With this in mind, we need to protect this data-structure.
The Wrong Way
The wrong way to try to protect this data-structure is to try to protect it within the
implementation of the heap.Interface
interface. You might be tempted to use
channels for serialization of writes to the underlying data-structure. What
could go wrong, you can protect the physical underlying data-structure by having
a single go routine doing all of the writes to the data-structure, and being messaged from
many go routines.
// Push - implementation of push for the heap interface
func (pq *PriorityQueue) Push(x interface{}) {
pq.PushChannel <- x
}
func (pq \*PriorityQueue) doWrites() chan bool{
var quit = make(chan bool)
go func () {
for {
select {
case quit:
return
case x <- pq.PushChannel:
n := len(*pq)
item := x.(*Item)
item.index = n - 1
*pq = append(*pq, item)
// ...
}
}
}
return quit
}
Well, not really. You can not protect it in the implementation of the interface
mainly because the heap sorting is performed in the container.heap
package, and
you can not be sure that each operation happens in the right order due to the
channel selection randomness.
The Right Way?
In the end I have decided to serialize the access to the heap.Push and heap.Pop function calls in my application by doing what can be seen below:
// heapPopChanMsg - the message structure for a pop chan
type heapPopChanMsg struct {
h heap.Interface
result chan interface{}
}
// heapPushChanMsg - the message structure for a push chan
type heapPushChanMsg struct {
h heap.Interface
x interface{}
}
var (
quitChan chan bool
// heapPushChan - push channel for pushing to a heap
heapPushChan = make(chan heapPushChanMsg)
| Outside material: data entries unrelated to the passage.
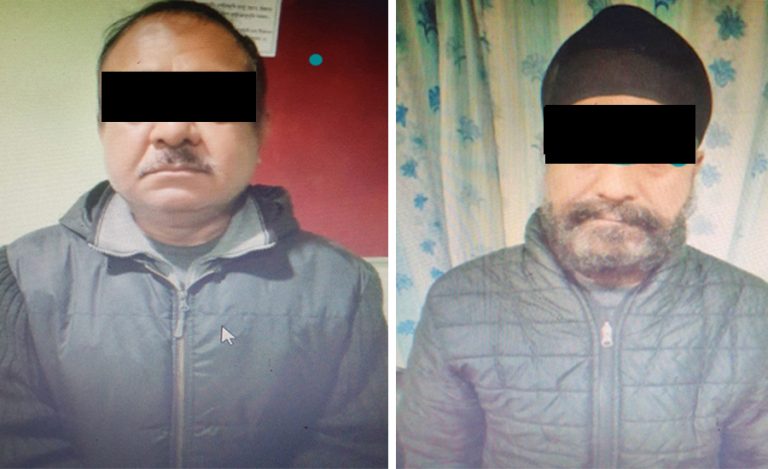 अनलाइनको माध्‍यमबाट जुवा सञ्‍चालन गर्ने दुई जना पक्राउ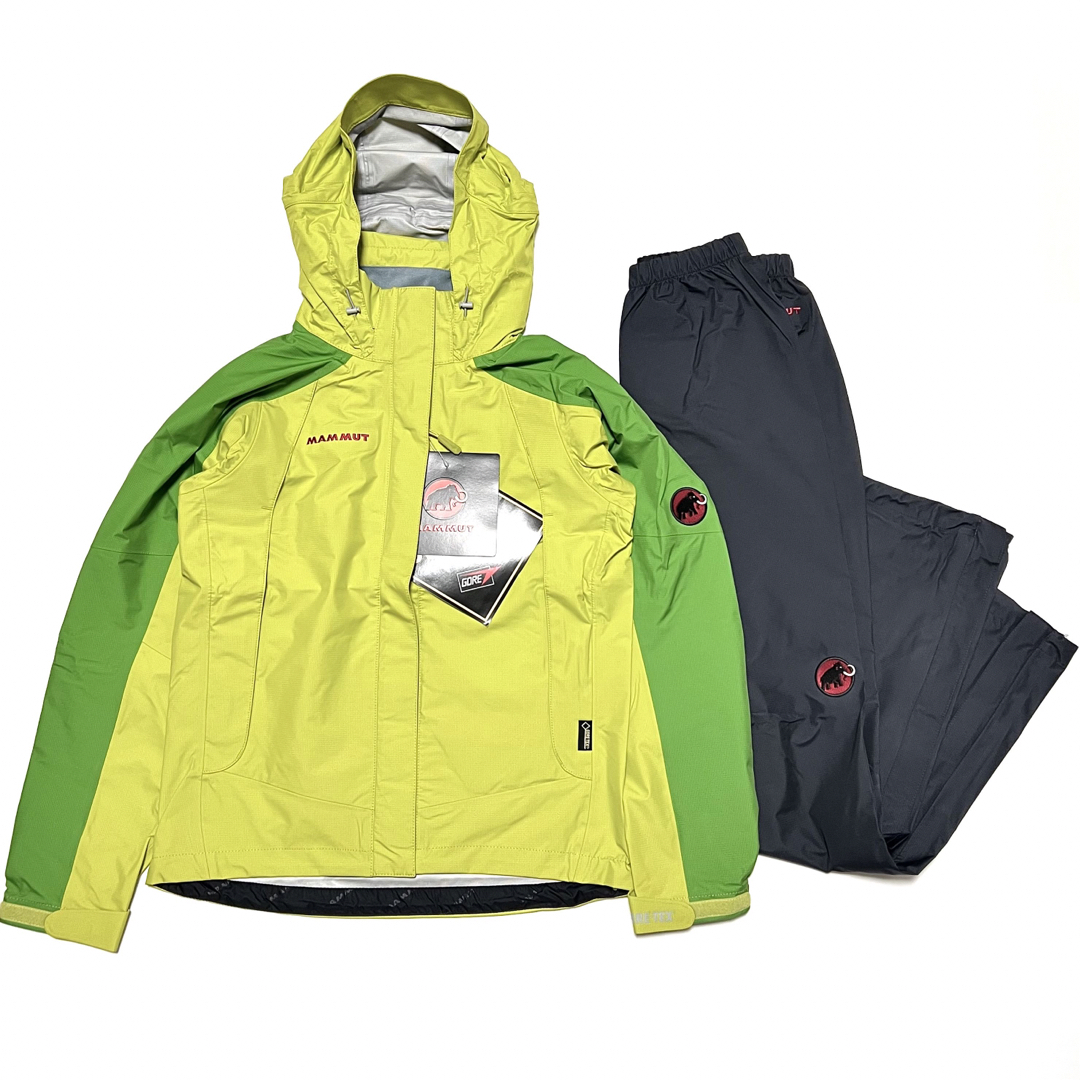 MAMMUT　マムート　レインウェア　上下　GORE-TEX　ゴアテックス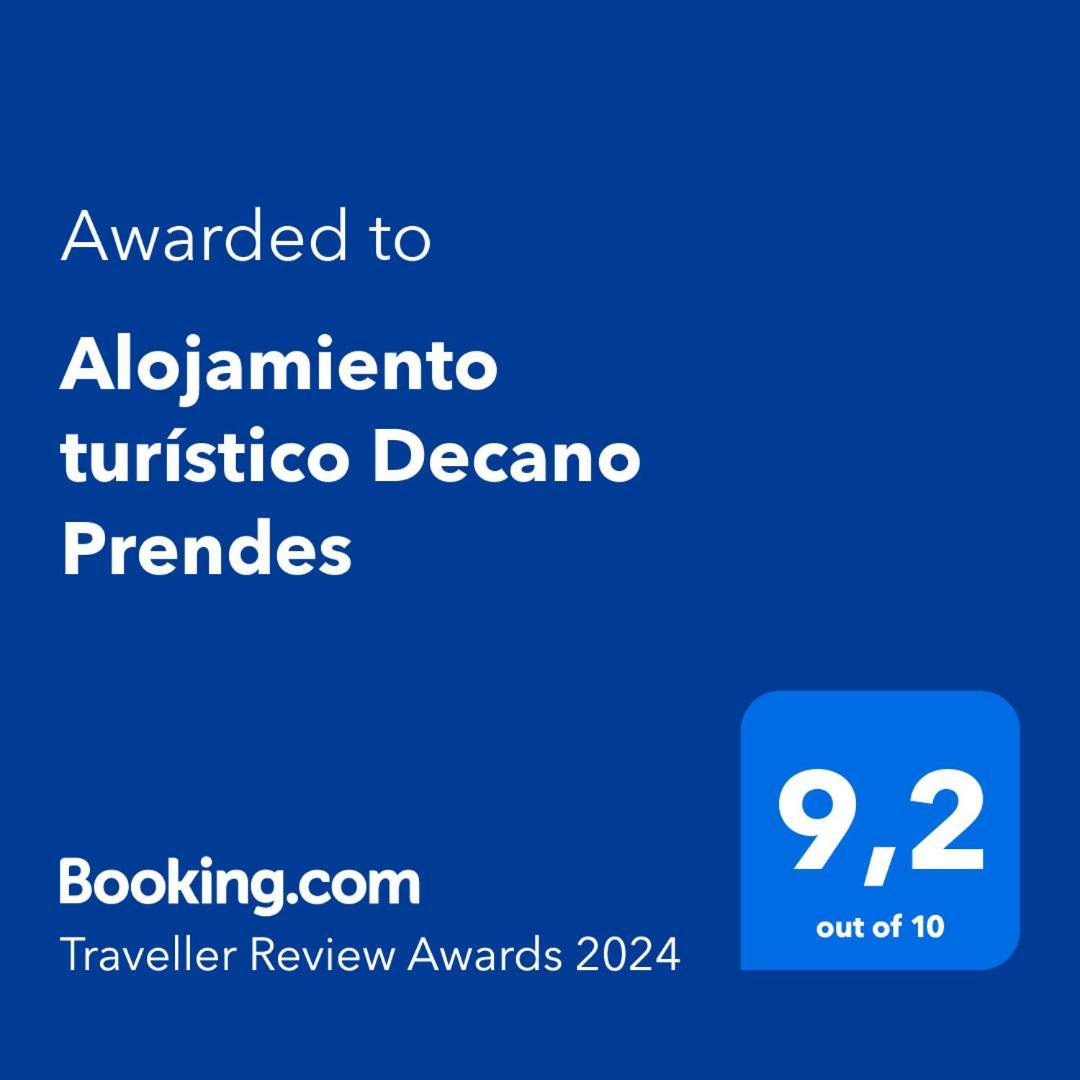 גיחון Alojamiento Turistico Decano Prendes מראה חיצוני תמונה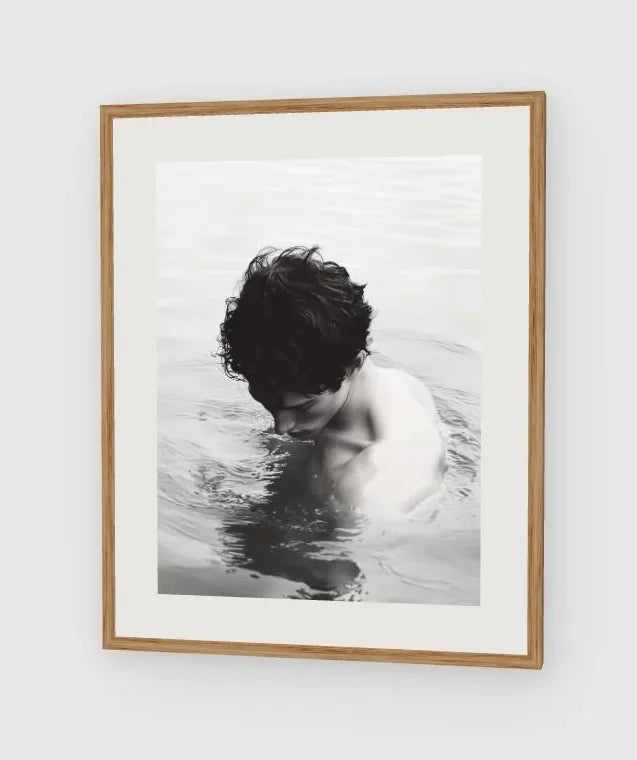 Body of Water - No 5 framed artwork preview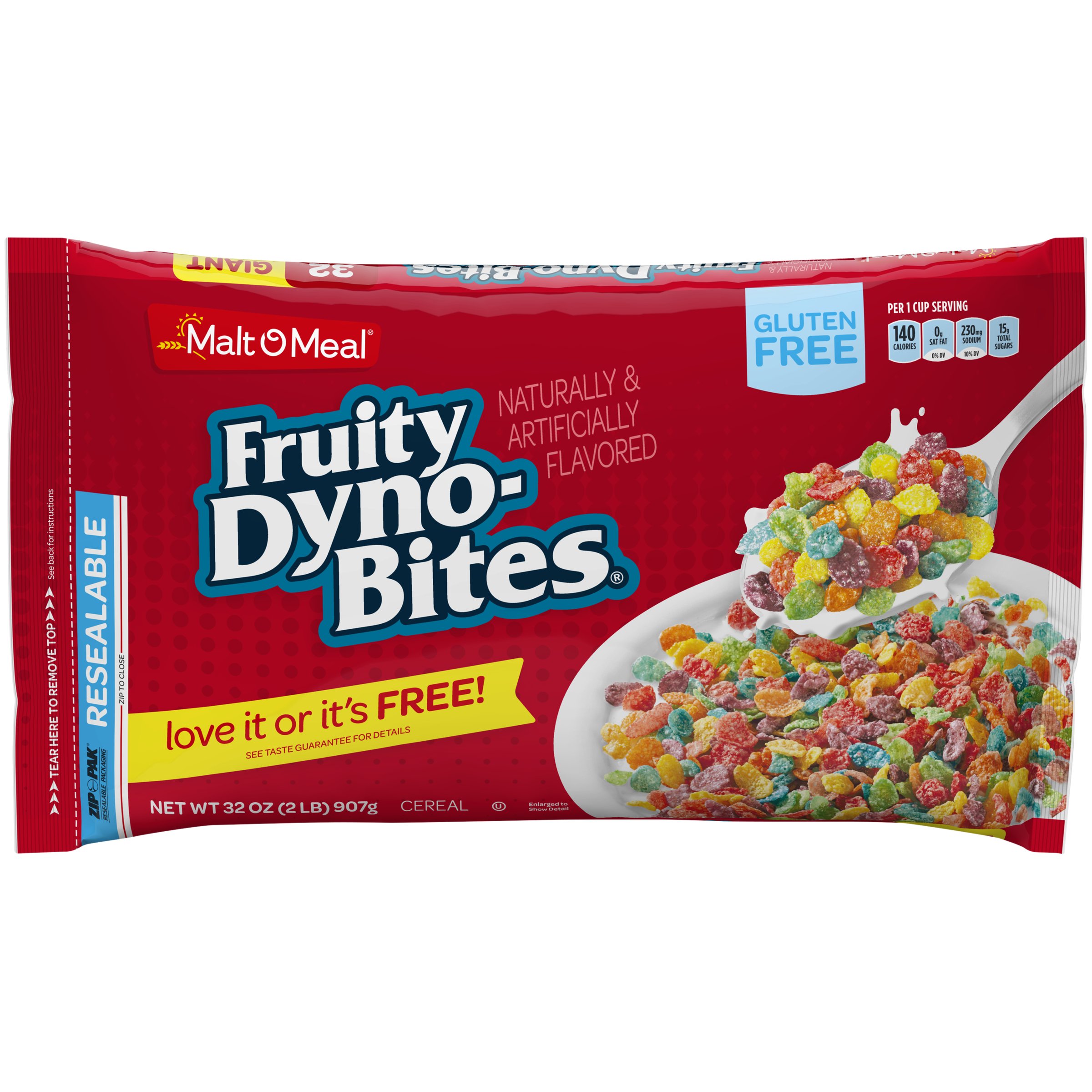 Post Malt O Meal Fruity Dyno Bites - Shop Cereal at H-E-B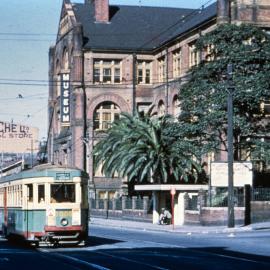 Site Fence Image - Harris Street, view south-east at Mary Ann Street Ultimo, 1960s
// heapPopChan - pop channel for popping from a heap
heapPopChan = make(chan heapPopChanMsg)
)
// HeapPush - safely push item to a heap interface
func HeapPush(h heap.Interface, x interface{}) {
heapPushChan <- heapPushChanMsg{
h: h,
x: x,
}
}
// HeapPop - safely pop item from a heap interface
func HeapPop(h heap.Interface) interface{} {
var result = make(chan interface{})
heapPopChan <- heapPopChanMsg{
h: h,
result: result,
}
return <-result
}
//stopWatchHeapOps - stop watching for heap operations
func stopWatchHeapOps() {
quitChan <- true
}
// watchHeapOps - watch for push/pops to our heap, and serializing the operations
// with channels
func watchHeapOps() chan bool {
var quit = make(chan bool)
go func() {
for {
select {
case <-quit:
// TODO: update to quit gracefully
// TODO: maybe need to dump state somewhere?
return
case popMsg := <-heapPopChan:
popMsg.result <- heap.Pop(popMsg.h)
case pushMsg := <-heapPushChan:
heap.Push(pushMsg.h, pushMsg.x)
}
}
}()
return quit
}
This code now serializes the Push/Pops to the heap and should be thread safe.